King’s Hawaiian is determined to make strategic product decisions based on data.
By Mark Lawton
While King’s Hawaiian is best known for its sweet Hawaiian bread, it doesn’t think of itself that way. “We have positioned ourselves as a Hawaiian foods company,” says John Linehan, president, chief strategy officer and chief planning officer. “We’re sold in the deli or bakery, not in the commercial bread aisle. Our competition is less other breads and more special foods mom brings home.”
That positioning appears to be working. Over the past dozen years, the company has seen an eightfold increase in sales. It is even more impressive when you consider that U.S. bread sales per capita have been declining for more than 20 years and the grocery business has been flat or declining on a per capita basis.
Testing New Products
King’s Hawaiian created an innovation center to test the potential appeal of new products. “The industry has a 93 percent failure rate for new products,” Linehan says, adding that developing new products typically takes three to five years.
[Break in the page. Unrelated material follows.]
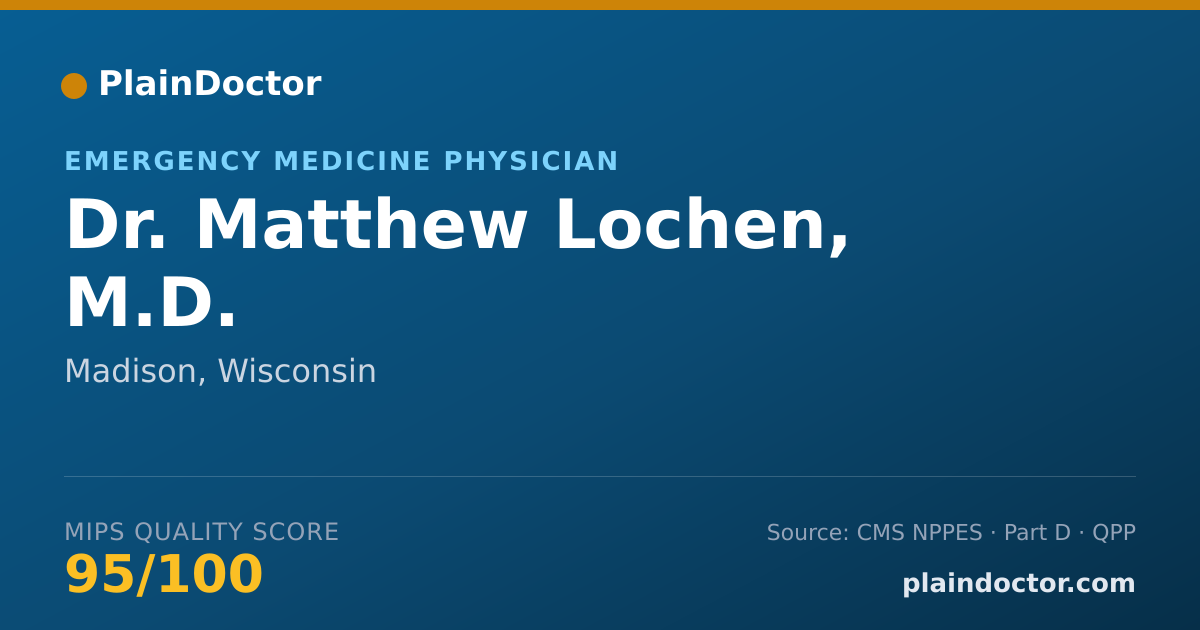 Shareable card for Matthew Lochen, M.D. - Emergency Medicine Physician, Madison, WI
The usual way also costs $3 million to $6 million includes outsourced consumer testing. About four years ago King’s Hawaiian introduced a line of barbecue sauces that way and “commercially, it’s been mediocre,” Linehan reports. “I don’t believe those testing methodologies work anymore.”
King’s Hawaiian is testing several new items in the last 18 months including butter spreads, Hawaiian bars and jellies. But it has introduced those items differently. “Instead of putting it in front of 100 people [in outsourced product testing], we are putting it in front of 100,000 people,” Linehan says. “With our e-commerce platform, we are asking, ‘Would you buy it?’ We can see what people do. Then we can make data-based decisions rather than biased decisions.”
King’s Hawaiian is not focused on the short term when it comes to the groceries that distribute its products. “Mostly it’s about this quarter or next quarter with most manufacturers and most retailers,” Linehan says. “Its not about creating value. We try to have a multiyear plan with very specific goals. One goal might be to increase the number of King’s Hawaiian consumers that walk though your doors and buy from your store.”
In recent months Linehan met with several retail CEO’s [to discuss long-term strategy]. “That’s not a normal retailer-manufacturer relationship,” he notes.
Linehan joined King’s Hawaiian in 2005. At that time the company saw most sales take place from Thanksgiving to Christmas, with a bump at Easter. Since then, the company has gained buyers of its products, particularly its sweet Hawaiian bread for the Super Bowl, July 4, back-to-school, March madness, Memorial Day and Hawaiian Foods week. “Each one that is not Thanksgiving, Christmas or Easter is getting bigger each year,” Linehan says.
Using AI to Plan
Besides conducting e-commerce on its website, King’s Hawaiian is in the process of creating a forecasting model using artificial intelligence. “There are so many attributes to consider that the human mind can’t handle them,” Linehan says. “Weather, for example. If we have a hurricane in Florida, more King’s Hawaiian gets purchased.”
The idea is to make decisions based on relevant data as much as possible.
Linehan compares it to a bank considering loan requests. “The bank goes down a checklist,” he explains. “If the applicant has less than blank in the bank, they are out. If they don’t have a job, they are out. Artificial intelligence can help you identify that a lot of people who are unemployed are not a risk – they might be taking a sabbatical or maybe they have money in the bank. If you figure out how to better forecast who are the best loan applicants, you gain more business.”
Likewise, the company is working to optimize its recruiting efforts with the help of data. King’s Hawaiian has about 1,200 employees between its locations in California and Georgia and is continuing to grow, Linehan says. While turnover is relatively low, it is still a challenge finding employees to work on the production floor.
“The company has about 20 ways to get resumes,” Linehan says. “For each of these ways, there is a conversion rate of resume to interview. For one way, we have to get 50 resumes to get one interview. From another source, half the resumes turn into interviews.”
The company is analyzing those sources with the aim of “magnifying” the methods that result in the most interviews, Linehan says.
Interestingly, King’s Hawaiian takes a contrarian approach to social media. “Social media is throwing stuff at the wall unless you truly understand who you are trying to reach and what media to use,” Linehan says. “Maybe two years ago, we started to realize we are not getting our money’s worth from social media.”
Most companies hire social media experts to promote their products or services, Linehan says, but the typical company executives don’t understand social media well enough to be able to judge its success. “You have to do your homework,” he says.
King’s Hawaiian is shifting away from awareness building and toward a more action-based marketing strategy. “About 80 percent of consumers know this brand and about 30 percent consume it,” Linehan says. “We can’t answer from a data point of view why, although we will be able to in a year or a little more with artificial intelligence. We have a pretty standard understanding of consumers and we need to put that on steroids.”
A related marketing aim of King’s Hawaiian is to “target a relevant and compelling message to each consumer,” Linehan says. “It’s a very data-driven process.”